Use Flume to consume and write log data - Simple Log Service

Use the aliyun-log-flume plugin to integrate Log Service with Flume to write and consume log data.

Background

The aliyun-log-flume plugin integrates Log Service with Flume, allowing it to connect with other data systems like HDFS and Kafka. The plugin provides a sink and a source.

sink: Flume reads data from other data sources and writes it to Log Service.
source: Flume consumes log data from Log Service and writes it to other systems.

For more information, see aliyun-log-flume.

Procedure

Download and install Flume.

For more information, see Flume.
Download the aliyun-log-flume plugin and place it in the <FLUME_HOME>/lib directory.

For more information, see aliyun-log-flume-1.3.jar.
In the <FLUME_HOME>/conf directory, create a configuration file named flumejob.conf.
- For sink configurations and examples, see Sink.
- For source configurations and examples, see Source.
Start Flume.

Sink

Use a sink to write data from other sources to Log Service through Flume. The following two parsing formats are supported:

SIMPLE: Writes the entire Flume event as a single field to Log Service.
DELIMITED: Treats the entire Flume event as delimited data. The data is then parsed into fields based on the configured column names and written to Log Service.

The following table describes the sink configuration parameters.

Parameter	Required	Description
type	Yes	The class name for the sink. Set the value to `com.aliyun.Loghub.flume.sink.LoghubSink`.
endpoint	Yes	The service endpoint of the Project. Example: `http://cn-qingdao.log.aliyuncs.com`. Replace the example with your service endpoint. For more information, see Service endpoints.
project	Yes	The name of the Project.
LogStore	Yes	The name of the LogStore.
accessKeyId	Yes	The AccessKey ID used to identify a user. For security, use the AccessKey pair of a RAM user. For information about how to obtain an AccessKey pair, see AccessKey pair.
accessKey	Yes	The AccessKey Secret used to authenticate a user. For security, use the AccessKey pair of a RAM user. For information about how to obtain an AccessKey pair, see AccessKey pair.
batchSize	No	The number of data entries to write to Log Service in each batch. Default value: 1000.
maxBufferSize	No	The size of the cache queue. Default value: 1000.
serializer	No	The serialization format for a Flume event. Valid values: DELIMITED: Parses the data in delimited format. SIMPLE: Parses the data in single-line format. This is the default format. JSON: Parses the data in JSON format. Custom serializer: Set this to the fully qualified class name of your custom serializer.
columns	No	This parameter is required when serializer is set to DELIMITED. Specifies a comma-separated list of column names. The column names must be in the same order as the fields in the data.
separatorChar	No	When serializer is set to DELIMITED, this parameter specifies the field separator. The value must be a single character. The default value is a comma (,).
quoteChar	No	When serializer is set to DELIMITED, this parameter specifies the quote character. The default value is a double quotation mark (").
escapeChar	No	When serializer is set to DELIMITED, this parameter specifies the escape character. The default value is a double quotation mark (").
useRecordTime	No	Specifies whether to use the timestamp field from the data as the log time. If set to false, the current system time is used. The default value is false.

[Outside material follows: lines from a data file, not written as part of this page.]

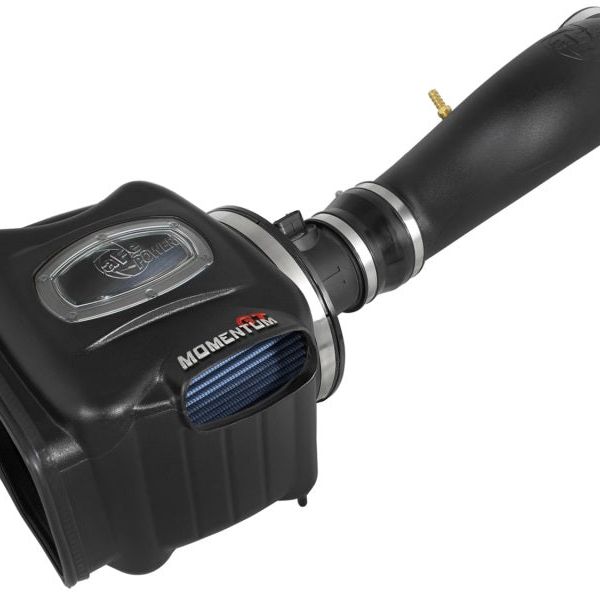 aFe Momentum GT Stage-2 Si PRO 5R Intake System GM Trucks/SUVs V8 4.8L/5.3L/6.0L/6.2L (GMT900) Elect - SMINKpower Performance Parts AFE54-74102 aFe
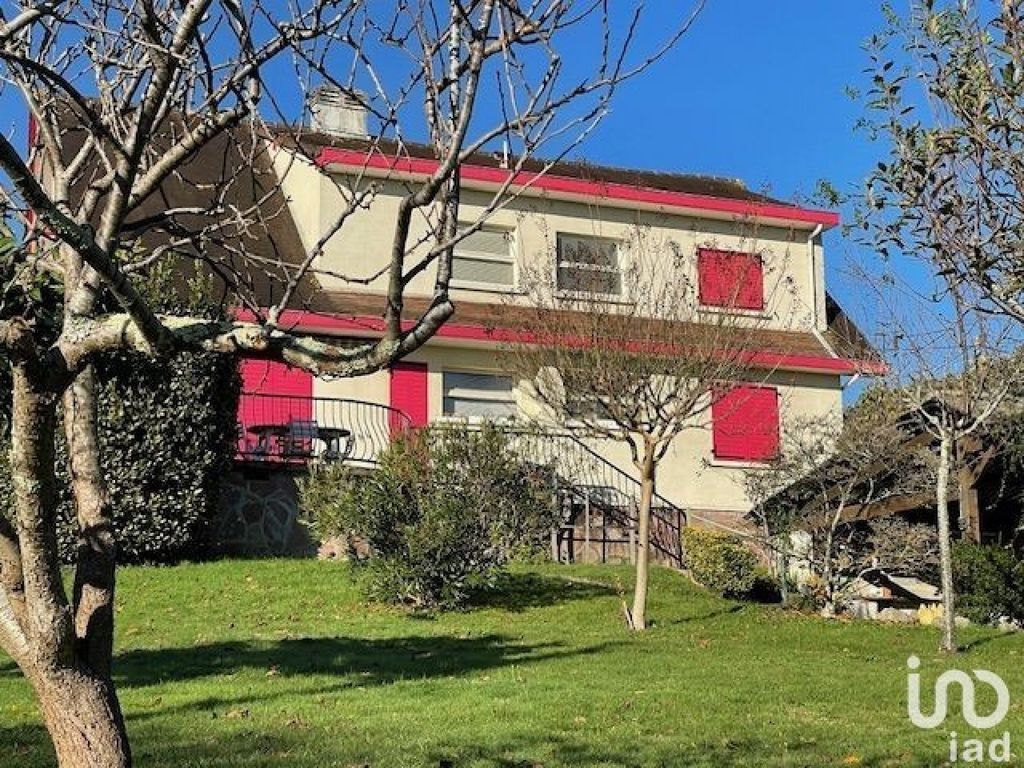 Achat maison à vendre 7 chambres 180 m² - Orthez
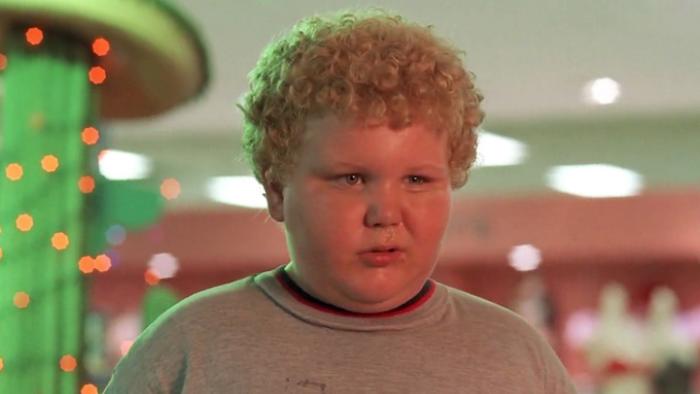 Bad Santa Movie: Scene #3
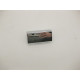 A1668851423 New chrome cover - towing hook plug ML W166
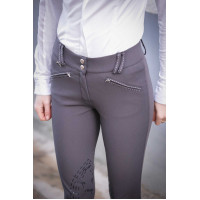 Pantalon Pénélope Rocky Taupe Bruin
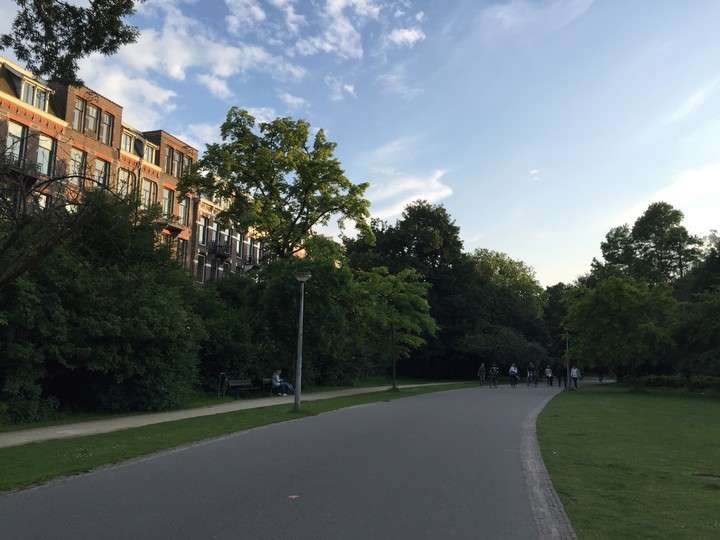 Conocer Amsterdam al ritmo de sus bicicletas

For sink configuration examples, see GitHub.

Source

Use a source to consume log data from Log Service and send it to other data sources through Flume. The following two output formats are supported:

DELIMITED: Outputs data to Flume in delimited log format.
JSON: Outputs data to Flume in JSON log format.

The following table describes the source configuration parameters.

Parameter	Required	Description
type	Yes	The class name for the source. Set the value to `com.aliyun.Loghub.flume.source.LoghubSource`.
endpoint	Yes	The service endpoint of the Project. Example: `http://cn-qingdao.log.aliyuncs.com`. Replace the example with your service endpoint. For more information, see Service endpoints.
project	Yes	The name of the Project.
LogStore	Yes	The name of the LogStore.
accessKeyId	Yes	The AccessKey ID used to identify a user. For security, use the AccessKey pair of a RAM user. For information about how to obtain an AccessKey pair, see AccessKey pair.
accessKey	Yes	The AccessKey Secret used to authenticate a user. For security, use the AccessKey pair of a RAM user. For information about how to obtain an AccessKey pair, see AccessKey pair.
heartbeatIntervalMs	No	The heartbeat interval between the client and Log Service. The default value is 30,000 milliseconds.
fetchIntervalMs	No	The data fetch interval. The default value is 100 milliseconds.
fetchInOrder	No	Specifies whether to consume data in sequential order. The default value is false.
batchSize	No	The number of data entries to read in each batch. The default value is 100.
consumerGroup	No	The name of the consumer group.
initialPosition	No	The starting position for data consumption. Valid values are begin, end, and timestamp. The default value is begin. Note If a server-side checkpoint exists, it takes precedence.
timestamp	No	This parameter is required when initialPosition is set to timestamp. Specifies the starting time in UNIX timestamp format.
deserializer	Yes	The deserialization format for a Flume event. Valid values: DELIMITED: Parses the data in delimited format. This is the default format. JSON: Parses the data in JSON format. Custom deserializer: Set this to the fully qualified class name of your custom deserializer.
columns	No	This parameter is required when deserializer is set to DELIMITED. Specifies a comma-separated list of column names. The column names must be in the same order as the fields in the data.
separatorChar	No	When deserializer is set to DELIMITED, this parameter specifies the field separator. The value must be a single character. The default value is a comma (,).
quoteChar	No	When deserializer is set to DELIMITED, this parameter specifies the quote character. The default value is a double quotation mark (").
escapeChar	No	When deserializer is set to DELIMITED, this parameter specifies the escape character. The default value is a double quotation mark (").
appendTimestamp	No	When deserializer is set to DELIMITED, this parameter specifies whether to automatically append the timestamp as a field to the end of each row. The default value is false.
sourceAsField	No	When deserializer is set to JSON, specifies whether to add the log source as a field named `__source__`. The default value is false.
tagAsField	No	When deserializer is set to JSON, specifies whether to add log tags as fields. Each tag is added as a separate field with a name in the format `__tag__:{tag_name}`. The default value is false.
timeAsField	No	When deserializer is set to JSON, specifies whether to add the log time as a field named `__time__`. The default value is false.
useRecordTime	No	Specifies whether to use the log's original timestamp. If set to false, the current system time is used. The default value is false.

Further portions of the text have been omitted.